Information given below:

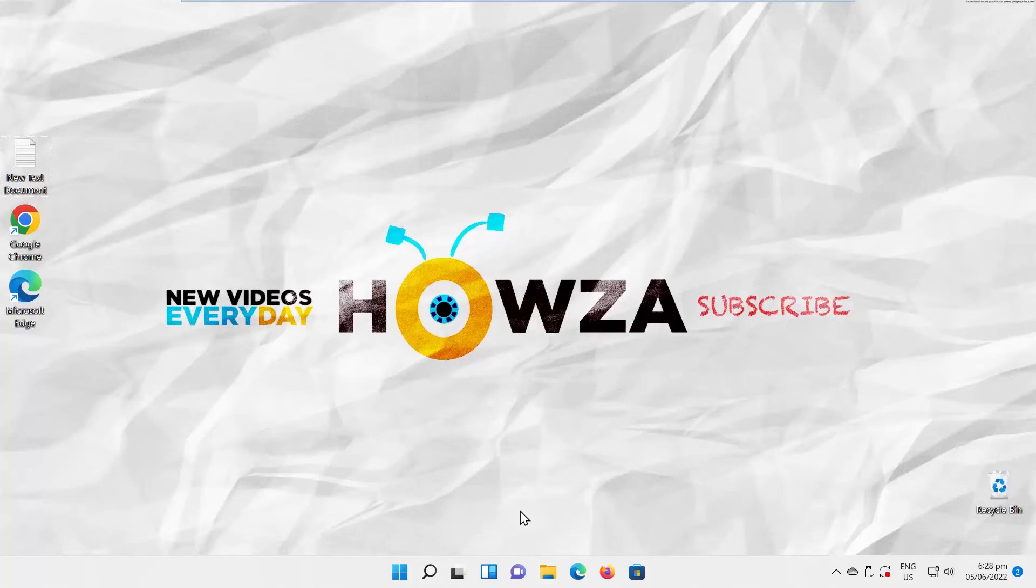Hey! Welcome to Howza Channel! In today's tutorial, we will teach you how to add US International Keyboard in Windows 11.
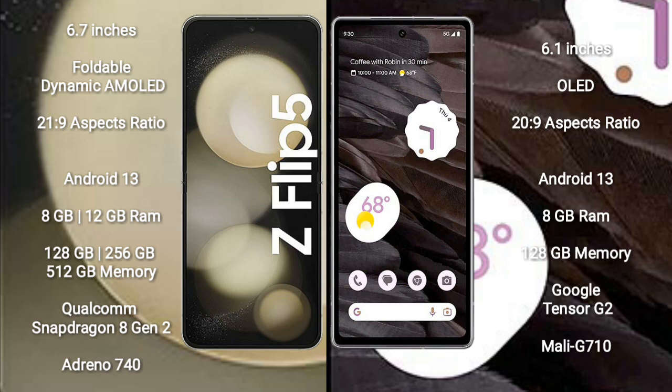Samsung Galaxy Z Flip 5 runs on the Android 13 operating system. Google Pixel 7a runs on the Android 13 operating system.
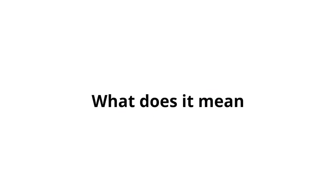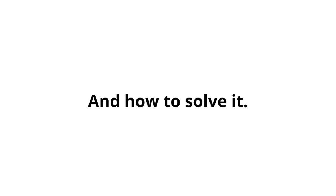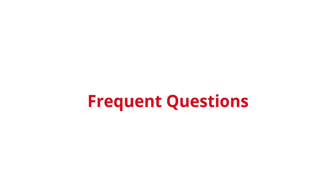In this video, we will learn all about the fault P0354, what does it mean, symptoms, causes, and how to solve it. We also respond to frequent questions related to this error.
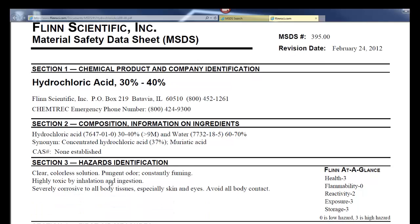Section three lists the hazards. You look for characteristic words: toxic, severely corrosive — indicating which parts of the body are affected. It also notes a pungent odor, so you don't want to get too close; use wafting if you need to detect a smell. Instead of the NFPA diamond, Flinn uses their own 'at a glance' system on a zero-to-three scale — the higher the number, the higher the hazard. Health corresponds to the blue diamond, flammability to the red, reactivity to the yellow, and there are additional categories like storage hazard level.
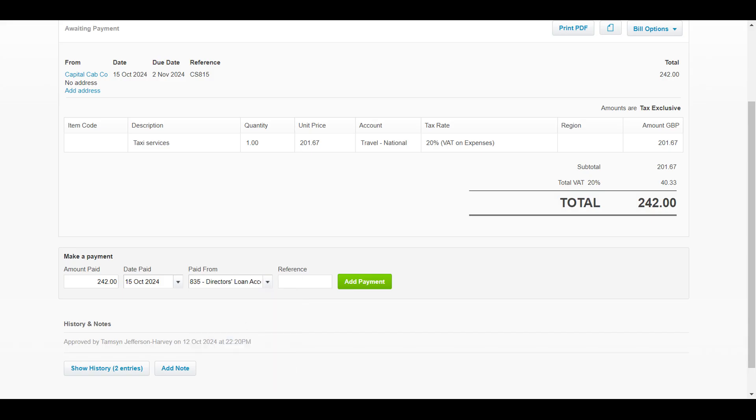Now, what I always recommend as well is to say in the reference, paid personal, whatever you want. And then it might be helpful, especially if you've got lots of different personal cards, to just put the last four digits of your card number in.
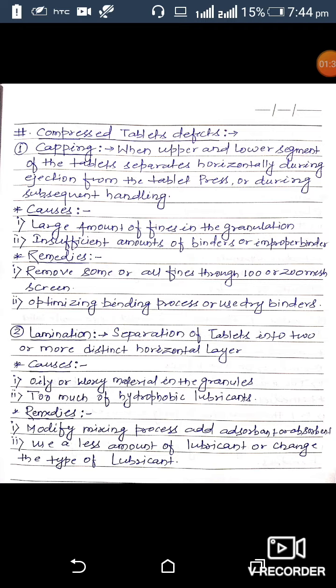Remedies for capping: the first remedy is to remove some or all fines through 100 or 200 mesh screens. The second remedy is to optimize the binding process or use dry binders. By these two methods, we can reduce or prevent the chances of capping of the tablet.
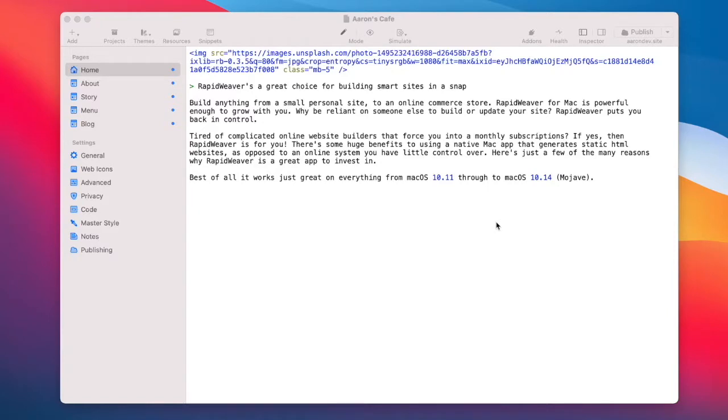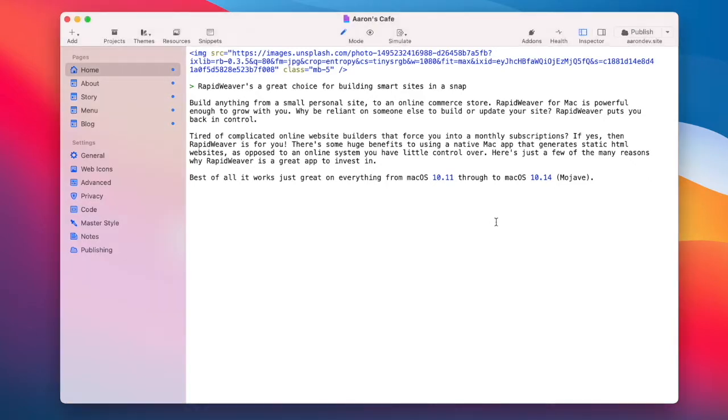Hi there. Today I'm going to show you how to troubleshoot publishing problems in RapidWeaver. Because there are so many hosting providers, it can take some configuration of the publishing options to ensure a smooth and successful publishing in RapidWeaver. So let's get started.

End of Information given.

Return the data exactly. Pictures stay out.

Hey! Welcome to Howza Channel! In today's tutorial, we will teach you how to add US International Keyboard in Windows 11.
Samsung Galaxy Z Flip 5 runs on the Android 13 operating system. Google Pixel 7a runs on the Android 13 operating system.
In this video, we will learn all about the fault P0354, what does it mean, symptoms, causes, and how to solve it. We also respond to frequent questions related to this error.
Section three lists the hazards. You look for characteristic words: toxic, severely corrosive — indicating which parts of the body are affected. It also notes a pungent odor, so you don't want to get too close; use wafting if you need to detect a smell. Instead of the NFPA diamond, Flinn uses their own 'at a glance' system on a zero-to-three scale — the higher the number, the higher the hazard. Health corresponds to the blue diamond, flammability to the red, reactivity to the yellow, and there are additional categories like storage hazard level.
Now, what I always recommend as well is to say in the reference, paid personal, whatever you want. And then it might be helpful, especially if you've got lots of different personal cards, to just put the last four digits of your card number in.
Remedies for capping: the first remedy is to remove some or all fines through 100 or 200 mesh screens. The second remedy is to optimize the binding process or use dry binders. By these two methods, we can reduce or prevent the chances of capping of the tablet.
Hi there. Today I'm going to show you how to troubleshoot publishing problems in RapidWeaver. Because there are so many hosting providers, it can take some configuration of the publishing options to ensure a smooth and successful publishing in RapidWeaver. So let's get started.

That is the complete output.